━━━━━ Records for this task

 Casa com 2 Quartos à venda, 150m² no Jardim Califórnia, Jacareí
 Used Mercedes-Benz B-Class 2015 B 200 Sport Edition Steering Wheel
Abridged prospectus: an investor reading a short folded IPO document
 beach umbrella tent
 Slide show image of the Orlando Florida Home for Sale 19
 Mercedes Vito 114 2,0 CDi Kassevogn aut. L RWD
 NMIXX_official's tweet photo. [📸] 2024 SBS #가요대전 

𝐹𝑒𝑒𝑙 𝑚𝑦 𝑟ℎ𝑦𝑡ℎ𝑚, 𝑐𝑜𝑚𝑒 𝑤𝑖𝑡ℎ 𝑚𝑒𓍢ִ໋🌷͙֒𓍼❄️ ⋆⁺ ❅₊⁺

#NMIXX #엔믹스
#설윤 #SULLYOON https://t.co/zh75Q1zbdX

━━━━━━━━━━
━━━━━ Records for this task

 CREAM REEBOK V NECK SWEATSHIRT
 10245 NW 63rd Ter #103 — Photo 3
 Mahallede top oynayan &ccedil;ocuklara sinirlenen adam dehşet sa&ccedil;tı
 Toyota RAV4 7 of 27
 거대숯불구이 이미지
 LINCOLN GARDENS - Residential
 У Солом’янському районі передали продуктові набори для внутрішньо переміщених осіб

━━━━━━━━━━

• Required action: Show each line in the entries that holds the string "Mercedes".

• Your solution:
 Used Mercedes-Benz B-Class 2015 B 200 Sport Edition Steering Wheel
 Mercedes Vito 114 2,0 CDi Kassevogn aut. L RWD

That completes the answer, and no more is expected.